The live album that never was. Now it is! A tantalizing game of “what if?” became tangible reality as Maiden England finally got a proper live album release, almost 25 years later.
In retrospect, Iron Maiden should have released three double live albums in the 1980s: Beast Over Hammersmith (1982), Live After Death (1985), and Maiden England (1989). These days, there’s a live album for almost every tour, but those are rarely as good and exciting as these three classic era recordings. As it turned out, only Live After Death would see the light of day, but Maiden England did at least get a video release.
In an ideal world, this double live record would have been released in 1989 as a capper to Iron Maiden’s incredible 1980s period. Even if the band felt that the 1982 Hammersmith Odeon recording was a little too early for their first live album, the 1988 Birmingham NEC recording should have been given well-deserved attention as Maiden’s second live album, a perfect release to fill the gap of their first year off.
Almost 25 years later, we can pretend it happened, ’cause here it is: Maiden England ’88 as a proper live album release for the very first time!
Maiden did record their Donington Monsters Of Rock appearance in 1988, as evidenced by live versions of The Clairvoyant, The Prisoner, and Heaven Can Wait all being released later that year. If producer Martin Birch had recorded a few more 1988 shows and given all of this the Live After Death fix-up treatment, Maiden England would have been a perfect book-end to an unbelievably prolific decade.
How does the album sound? The band is on great form, but Birch’s production has always been lacking in depth and clarity, in this reviewer’s opinion, possibly a consequence of the project only being geared towards VHS. Birch should have been hired to record the 1988 Hammersmith or Wembley concerts in addition to Birmingham and let Bruce Dickinson do some studio fixes, and we would have had something every bit as grand as Live After Death before it.
For let’s face it, in the 1985-88 period the singer sounded very tired and strained in concert. His work prior to and after that era puts this into clear perspective. This is a negative about Maiden England, just like it is for the Live After Death video. Dickinson struggles with the high registers of songs like Hallowed Be Thy Name and The Number Of The Beast, but this could conceivably have been fixed in post-production.
Having said that, this remastering of Birch’s original mix is stellar! The songs have a much fatter low-end, there’s a little less clank in Steve Harris‘ bass guitar, and a little more clarity in the guitars of Dave Murray and Adrian Smith. Everything seems to be improved, so what has been going on?
Birch is credited with the mix for the songs previously released on video, while current producer Kevin Shirley is credited with mixing the encores that are included now for the first time – Run To The Hills, Running Free, and Sanctuary.

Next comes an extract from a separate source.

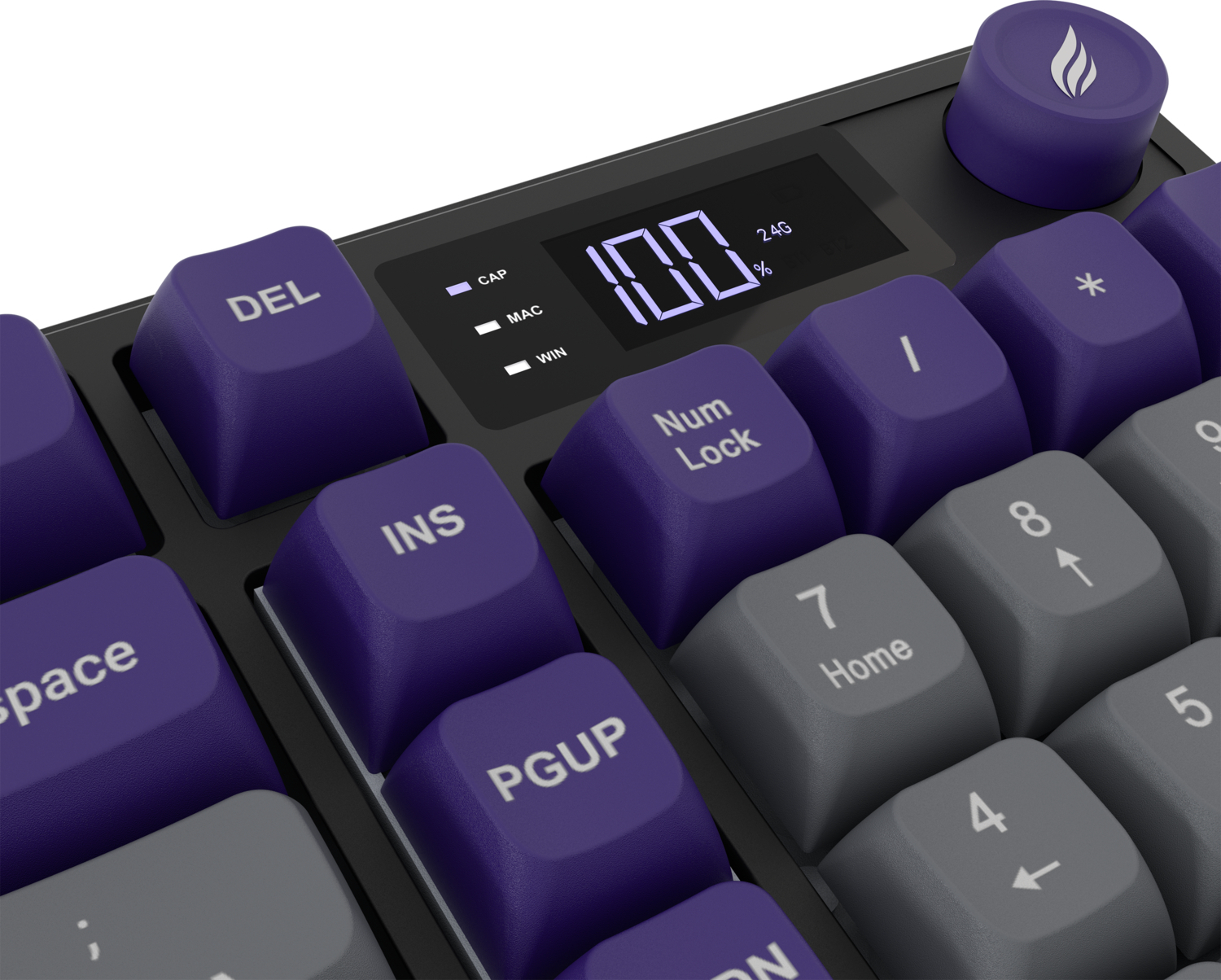 Hawk Gaming HK258GP Membrane LCD RGB Kablosuz/Bluetooth Gri Mor Full Türkçe Gaming Klavye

And, a little more mysteriously, the album is “compiled and edited by Kevin Shirley”, which probably means that he has had a finger or two on the console through the remastering of this soundtrack…
The set itself is very different from the one that was recorded in 1984 and 1985, with rare gems such as The Prisoner, Still Life and Killers being performed alongside great newer material like Infinite Dreams and Wasted Years. By adjusting the set this way, the band makes sure that there is just a minimum of redundancy and overlap with Live After Death. Counting the newly reinstated encores, only 5 of the 18 songs appeared on the previous live record, some of which – The Number Of The Beast, Hallowed Be Thy Name and Iron Maiden – are pretty much inescapable.
But how does the album look?
This is, as you all know, Derek Riggs’ original artwork for Maiden England. Band and management decided to replace it in 2013 with the then current tour artwork, which made the slight title change necessary too. Not just that, but the new artwork is clearly inspired by the original The Trooper piece by Riggs, and that song is not on the album.
Hervé Monjeaud does a fine job, but it is very disappointing to have the vinyl gatefold open to reveal only the same illustration as the cover, in place of great photos from the awesome 1988 stage show. The picture discs are decorated with some more of Riggs’ Seventh Son Of A Seventh Son era masterworks, but the reproductions are awful, especially the “prophecy” Eddie that was inexplicably left off the Seventh Son picture disc release.
Well, fans are used to this occasional lack of quality control by now.
As a live companion to Maiden’s masterpiece Seventh Son Of A Seventh Son, Maiden England ’88 does the job. Our earlier review of the 1988 studio album argues that Maiden ended their classic era with one of their best ever albums, and this live recording is very close to a perfect live document of the 1988 tour.
The “Man Of The Match” award goes to Nicko McBrain. His drumming throughout this concert is excellent, with a playful edge that reaches its climax with a great version of Running Free. Nicko is the engine of a band that has truly done it all by this point. Except outlasting everyone else, that would come later.
The 1980s were over. The 1990s were looming.
Maiden England is a great capper to an unbelievable decade of Maiden music. Now, it has finally taken its rightful place in the catalog. Rejoice!